___ Records ___

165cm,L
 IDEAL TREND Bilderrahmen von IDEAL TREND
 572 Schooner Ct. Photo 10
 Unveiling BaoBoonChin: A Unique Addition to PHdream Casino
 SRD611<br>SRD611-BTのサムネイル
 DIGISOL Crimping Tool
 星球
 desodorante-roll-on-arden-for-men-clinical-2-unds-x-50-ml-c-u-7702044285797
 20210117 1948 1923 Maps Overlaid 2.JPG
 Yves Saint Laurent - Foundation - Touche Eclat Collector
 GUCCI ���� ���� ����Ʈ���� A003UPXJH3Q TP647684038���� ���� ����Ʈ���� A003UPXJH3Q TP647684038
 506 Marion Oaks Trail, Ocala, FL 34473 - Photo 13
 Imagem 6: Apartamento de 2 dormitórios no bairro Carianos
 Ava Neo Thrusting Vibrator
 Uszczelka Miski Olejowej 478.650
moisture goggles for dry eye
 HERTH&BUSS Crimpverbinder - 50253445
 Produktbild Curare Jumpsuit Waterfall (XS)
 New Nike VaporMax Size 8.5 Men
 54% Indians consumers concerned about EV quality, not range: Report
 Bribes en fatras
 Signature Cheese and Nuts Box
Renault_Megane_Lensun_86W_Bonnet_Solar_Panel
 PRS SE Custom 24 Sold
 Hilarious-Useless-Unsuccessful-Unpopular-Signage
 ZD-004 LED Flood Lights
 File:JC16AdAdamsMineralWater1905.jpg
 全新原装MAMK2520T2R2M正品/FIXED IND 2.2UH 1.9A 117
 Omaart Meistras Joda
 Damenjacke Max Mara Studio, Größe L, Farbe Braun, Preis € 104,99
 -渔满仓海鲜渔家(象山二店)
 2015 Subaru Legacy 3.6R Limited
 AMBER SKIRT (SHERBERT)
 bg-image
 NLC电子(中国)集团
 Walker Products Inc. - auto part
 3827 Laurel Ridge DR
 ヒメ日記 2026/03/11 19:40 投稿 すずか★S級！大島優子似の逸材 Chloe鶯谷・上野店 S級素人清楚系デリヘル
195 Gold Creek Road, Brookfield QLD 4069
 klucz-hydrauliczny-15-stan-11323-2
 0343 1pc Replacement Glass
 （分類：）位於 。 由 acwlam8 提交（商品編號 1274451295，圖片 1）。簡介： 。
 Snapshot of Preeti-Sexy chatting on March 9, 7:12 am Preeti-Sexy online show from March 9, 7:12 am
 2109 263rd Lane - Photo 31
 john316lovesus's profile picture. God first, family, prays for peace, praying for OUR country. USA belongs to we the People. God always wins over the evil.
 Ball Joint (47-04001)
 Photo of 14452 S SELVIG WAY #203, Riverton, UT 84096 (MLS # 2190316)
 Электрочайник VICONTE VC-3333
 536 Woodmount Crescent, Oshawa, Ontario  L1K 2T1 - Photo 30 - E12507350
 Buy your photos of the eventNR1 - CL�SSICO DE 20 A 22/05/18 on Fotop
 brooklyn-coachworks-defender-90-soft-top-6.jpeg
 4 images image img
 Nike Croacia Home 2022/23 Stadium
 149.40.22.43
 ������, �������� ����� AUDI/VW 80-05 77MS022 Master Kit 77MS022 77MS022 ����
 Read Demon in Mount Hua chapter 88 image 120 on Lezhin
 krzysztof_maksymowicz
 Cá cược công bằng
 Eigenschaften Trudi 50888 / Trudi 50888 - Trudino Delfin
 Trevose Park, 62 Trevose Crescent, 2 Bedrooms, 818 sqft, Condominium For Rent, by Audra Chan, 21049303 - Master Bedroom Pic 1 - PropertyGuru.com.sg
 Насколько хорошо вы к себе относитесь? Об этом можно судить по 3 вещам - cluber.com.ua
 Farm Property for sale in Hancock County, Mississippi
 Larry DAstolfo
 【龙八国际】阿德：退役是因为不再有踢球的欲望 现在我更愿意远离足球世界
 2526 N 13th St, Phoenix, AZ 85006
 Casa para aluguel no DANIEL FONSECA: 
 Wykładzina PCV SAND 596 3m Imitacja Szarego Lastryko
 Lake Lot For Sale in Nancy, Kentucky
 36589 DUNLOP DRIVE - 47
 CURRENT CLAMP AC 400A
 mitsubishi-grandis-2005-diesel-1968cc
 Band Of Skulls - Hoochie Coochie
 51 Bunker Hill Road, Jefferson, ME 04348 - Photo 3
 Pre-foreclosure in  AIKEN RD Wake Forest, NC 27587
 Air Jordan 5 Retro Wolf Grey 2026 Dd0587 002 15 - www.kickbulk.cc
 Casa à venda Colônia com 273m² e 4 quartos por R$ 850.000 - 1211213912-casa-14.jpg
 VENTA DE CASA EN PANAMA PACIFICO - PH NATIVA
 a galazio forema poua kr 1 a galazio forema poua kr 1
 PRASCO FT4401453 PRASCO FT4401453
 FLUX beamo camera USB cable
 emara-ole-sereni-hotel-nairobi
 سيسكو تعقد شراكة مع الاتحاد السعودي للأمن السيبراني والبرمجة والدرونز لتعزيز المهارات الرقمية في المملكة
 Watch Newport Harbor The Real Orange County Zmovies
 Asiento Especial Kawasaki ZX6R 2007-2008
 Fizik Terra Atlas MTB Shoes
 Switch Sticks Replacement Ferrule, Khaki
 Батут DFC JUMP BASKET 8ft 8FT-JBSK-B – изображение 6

___

** What the task asks **
Repeat each line of the data above, exactly as it appears, from the first through the line that contains "Omaart Meistras Joda".

** Answer section **
165cm,L
 IDEAL TREND Bilderrahmen von IDEAL TREND
 572 Schooner Ct. Photo 10
 Unveiling BaoBoonChin: A Unique Addition to PHdream Casino
 SRD611<br>SRD611-BTのサムネイル
 DIGISOL Crimping Tool
 星球
 desodorante-roll-on-arden-for-men-clinical-2-unds-x-50-ml-c-u-7702044285797
 20210117 1948 1923 Maps Overlaid 2.JPG
 Yves Saint Laurent - Foundation - Touche Eclat Collector
 GUCCI ���� ���� ����Ʈ���� A003UPXJH3Q TP647684038���� ���� ����Ʈ���� A003UPXJH3Q TP647684038
 506 Marion Oaks Trail, Ocala, FL 34473 - Photo 13
 Imagem 6: Apartamento de 2 dormitórios no bairro Carianos
 Ava Neo Thrusting Vibrator
 Uszczelka Miski Olejowej 478.650
moisture goggles for dry eye
 HERTH&BUSS Crimpverbinder - 50253445
 Produktbild Curare Jumpsuit Waterfall (XS)
 New Nike VaporMax Size 8.5 Men
 54% Indians consumers concerned about EV quality, not range: Report
 Bribes en fatras
 Signature Cheese and Nuts Box
Renault_Megane_Lensun_86W_Bonnet_Solar_Panel
 PRS SE Custom 24 Sold
 Hilarious-Useless-Unsuccessful-Unpopular-Signage
 ZD-004 LED Flood Lights
 File:JC16AdAdamsMineralWater1905.jpg
 全新原装MAMK2520T2R2M正品/FIXED IND 2.2UH 1.9A 117
 Omaart Meistras Joda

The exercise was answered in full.